Look through the entries below, please, and copy every line with the word "flowing".
--- EXERCISE INPUTS Enclosed Below ---
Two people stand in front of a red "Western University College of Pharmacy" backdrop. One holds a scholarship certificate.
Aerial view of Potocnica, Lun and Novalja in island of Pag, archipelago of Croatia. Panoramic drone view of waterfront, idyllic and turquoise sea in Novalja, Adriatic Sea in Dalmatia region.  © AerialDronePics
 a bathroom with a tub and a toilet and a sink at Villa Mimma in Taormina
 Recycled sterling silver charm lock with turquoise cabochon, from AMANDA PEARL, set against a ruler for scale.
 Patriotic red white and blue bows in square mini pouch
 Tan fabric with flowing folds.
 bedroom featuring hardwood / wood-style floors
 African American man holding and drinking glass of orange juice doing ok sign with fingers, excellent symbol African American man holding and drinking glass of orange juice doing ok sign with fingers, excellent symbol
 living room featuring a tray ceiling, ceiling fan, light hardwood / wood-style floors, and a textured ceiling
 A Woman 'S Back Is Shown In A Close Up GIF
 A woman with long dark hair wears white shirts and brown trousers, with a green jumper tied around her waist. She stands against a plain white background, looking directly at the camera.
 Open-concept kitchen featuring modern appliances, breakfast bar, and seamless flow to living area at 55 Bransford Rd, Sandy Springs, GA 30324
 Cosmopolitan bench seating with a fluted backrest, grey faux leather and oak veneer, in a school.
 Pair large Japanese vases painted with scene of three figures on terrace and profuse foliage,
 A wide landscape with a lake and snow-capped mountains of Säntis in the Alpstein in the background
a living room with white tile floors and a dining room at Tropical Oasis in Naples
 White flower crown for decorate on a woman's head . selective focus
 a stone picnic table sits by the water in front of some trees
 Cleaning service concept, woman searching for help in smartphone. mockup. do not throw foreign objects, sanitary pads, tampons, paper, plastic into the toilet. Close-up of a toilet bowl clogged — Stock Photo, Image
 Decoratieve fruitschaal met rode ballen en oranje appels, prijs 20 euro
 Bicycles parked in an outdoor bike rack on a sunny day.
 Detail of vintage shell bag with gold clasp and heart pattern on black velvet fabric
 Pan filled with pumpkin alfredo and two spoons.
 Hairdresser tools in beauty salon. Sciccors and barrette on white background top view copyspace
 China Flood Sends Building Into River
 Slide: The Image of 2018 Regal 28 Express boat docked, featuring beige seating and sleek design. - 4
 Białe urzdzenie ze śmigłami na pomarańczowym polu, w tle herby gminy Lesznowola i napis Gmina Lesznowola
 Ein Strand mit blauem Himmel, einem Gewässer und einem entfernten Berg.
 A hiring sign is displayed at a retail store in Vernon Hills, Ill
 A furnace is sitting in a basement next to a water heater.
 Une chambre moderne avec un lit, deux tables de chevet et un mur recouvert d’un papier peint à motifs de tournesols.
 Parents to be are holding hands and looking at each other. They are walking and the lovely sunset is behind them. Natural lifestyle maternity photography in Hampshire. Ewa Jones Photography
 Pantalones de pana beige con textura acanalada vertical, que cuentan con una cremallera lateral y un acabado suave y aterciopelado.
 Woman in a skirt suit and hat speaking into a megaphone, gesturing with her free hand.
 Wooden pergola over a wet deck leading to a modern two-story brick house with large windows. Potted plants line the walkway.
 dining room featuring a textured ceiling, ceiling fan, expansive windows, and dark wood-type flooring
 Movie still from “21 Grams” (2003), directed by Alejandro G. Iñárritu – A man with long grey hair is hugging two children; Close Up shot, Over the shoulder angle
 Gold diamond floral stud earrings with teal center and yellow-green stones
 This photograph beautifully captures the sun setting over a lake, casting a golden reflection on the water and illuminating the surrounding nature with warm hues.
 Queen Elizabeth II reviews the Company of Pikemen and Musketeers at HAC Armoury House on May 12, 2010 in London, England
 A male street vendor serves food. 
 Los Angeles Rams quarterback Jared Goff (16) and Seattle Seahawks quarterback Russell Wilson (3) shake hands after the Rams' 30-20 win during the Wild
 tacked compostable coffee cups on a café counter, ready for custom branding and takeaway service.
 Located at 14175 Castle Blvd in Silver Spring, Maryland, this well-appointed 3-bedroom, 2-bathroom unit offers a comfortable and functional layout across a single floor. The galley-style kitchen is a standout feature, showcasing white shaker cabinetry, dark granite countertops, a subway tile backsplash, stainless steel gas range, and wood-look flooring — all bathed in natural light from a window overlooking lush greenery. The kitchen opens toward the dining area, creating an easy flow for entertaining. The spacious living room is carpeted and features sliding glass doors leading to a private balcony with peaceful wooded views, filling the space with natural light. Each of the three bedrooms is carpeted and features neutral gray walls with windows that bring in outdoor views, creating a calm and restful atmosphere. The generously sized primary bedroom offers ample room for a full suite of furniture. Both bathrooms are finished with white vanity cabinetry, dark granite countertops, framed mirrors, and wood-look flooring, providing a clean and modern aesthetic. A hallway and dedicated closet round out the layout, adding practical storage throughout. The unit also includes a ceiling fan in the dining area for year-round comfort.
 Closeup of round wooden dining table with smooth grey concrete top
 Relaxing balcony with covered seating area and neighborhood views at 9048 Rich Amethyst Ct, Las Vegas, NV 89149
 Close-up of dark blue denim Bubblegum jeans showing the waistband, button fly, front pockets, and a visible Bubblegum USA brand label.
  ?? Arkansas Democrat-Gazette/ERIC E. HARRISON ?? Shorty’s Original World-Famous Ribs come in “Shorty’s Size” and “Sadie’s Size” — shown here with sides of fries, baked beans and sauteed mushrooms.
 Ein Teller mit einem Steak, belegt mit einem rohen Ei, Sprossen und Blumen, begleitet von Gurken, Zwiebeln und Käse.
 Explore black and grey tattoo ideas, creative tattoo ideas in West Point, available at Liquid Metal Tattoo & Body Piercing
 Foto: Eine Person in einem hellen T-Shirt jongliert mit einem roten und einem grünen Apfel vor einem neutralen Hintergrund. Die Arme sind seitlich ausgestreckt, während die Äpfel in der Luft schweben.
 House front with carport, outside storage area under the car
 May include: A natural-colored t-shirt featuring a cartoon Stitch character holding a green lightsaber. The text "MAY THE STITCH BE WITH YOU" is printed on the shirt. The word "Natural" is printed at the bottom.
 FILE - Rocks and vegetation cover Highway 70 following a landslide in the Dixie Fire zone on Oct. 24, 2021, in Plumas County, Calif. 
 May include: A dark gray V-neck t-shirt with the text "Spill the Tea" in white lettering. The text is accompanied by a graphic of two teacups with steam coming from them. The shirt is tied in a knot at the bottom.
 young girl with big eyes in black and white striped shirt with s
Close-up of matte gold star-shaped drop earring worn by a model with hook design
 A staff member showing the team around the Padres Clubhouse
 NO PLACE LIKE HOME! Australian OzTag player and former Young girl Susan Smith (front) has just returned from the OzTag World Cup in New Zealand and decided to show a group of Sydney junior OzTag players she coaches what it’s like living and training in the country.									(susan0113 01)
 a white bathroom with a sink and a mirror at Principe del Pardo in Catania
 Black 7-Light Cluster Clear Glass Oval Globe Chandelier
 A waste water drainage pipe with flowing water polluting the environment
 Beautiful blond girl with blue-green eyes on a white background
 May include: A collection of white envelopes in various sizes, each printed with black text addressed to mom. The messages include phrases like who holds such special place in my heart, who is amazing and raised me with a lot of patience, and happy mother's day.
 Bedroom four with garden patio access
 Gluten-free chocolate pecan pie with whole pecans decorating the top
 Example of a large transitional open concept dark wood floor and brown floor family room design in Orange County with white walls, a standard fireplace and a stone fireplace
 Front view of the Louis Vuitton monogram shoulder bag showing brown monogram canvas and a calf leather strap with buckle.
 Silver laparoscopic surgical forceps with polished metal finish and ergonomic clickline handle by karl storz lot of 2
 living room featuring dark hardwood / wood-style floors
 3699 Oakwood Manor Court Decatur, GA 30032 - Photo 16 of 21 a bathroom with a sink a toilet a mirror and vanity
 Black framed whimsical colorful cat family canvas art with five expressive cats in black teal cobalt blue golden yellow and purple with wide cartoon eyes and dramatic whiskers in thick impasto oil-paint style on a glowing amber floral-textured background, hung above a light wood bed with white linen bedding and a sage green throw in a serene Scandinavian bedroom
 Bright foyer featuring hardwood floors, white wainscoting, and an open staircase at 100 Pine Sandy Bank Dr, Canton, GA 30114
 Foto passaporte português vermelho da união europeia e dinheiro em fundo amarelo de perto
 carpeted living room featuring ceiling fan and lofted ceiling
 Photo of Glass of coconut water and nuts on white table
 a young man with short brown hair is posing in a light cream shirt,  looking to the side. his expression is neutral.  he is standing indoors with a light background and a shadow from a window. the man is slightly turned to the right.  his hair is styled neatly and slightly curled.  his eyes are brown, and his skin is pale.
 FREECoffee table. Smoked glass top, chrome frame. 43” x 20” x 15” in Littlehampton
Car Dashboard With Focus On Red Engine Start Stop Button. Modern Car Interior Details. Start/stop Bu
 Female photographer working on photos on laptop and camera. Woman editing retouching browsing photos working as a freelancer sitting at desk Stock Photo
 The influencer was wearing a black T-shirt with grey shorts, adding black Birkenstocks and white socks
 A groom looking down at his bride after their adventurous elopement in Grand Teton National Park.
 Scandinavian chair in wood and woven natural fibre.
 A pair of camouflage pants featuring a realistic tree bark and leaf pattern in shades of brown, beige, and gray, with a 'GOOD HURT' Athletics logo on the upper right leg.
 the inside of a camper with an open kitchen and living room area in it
--- End of Enclosed EXERCISE INPUTS ---
## SOLUTION FOR THIS TASK
 Tan fabric with flowing folds.
 A waste water drainage pipe with flowing water polluting the environment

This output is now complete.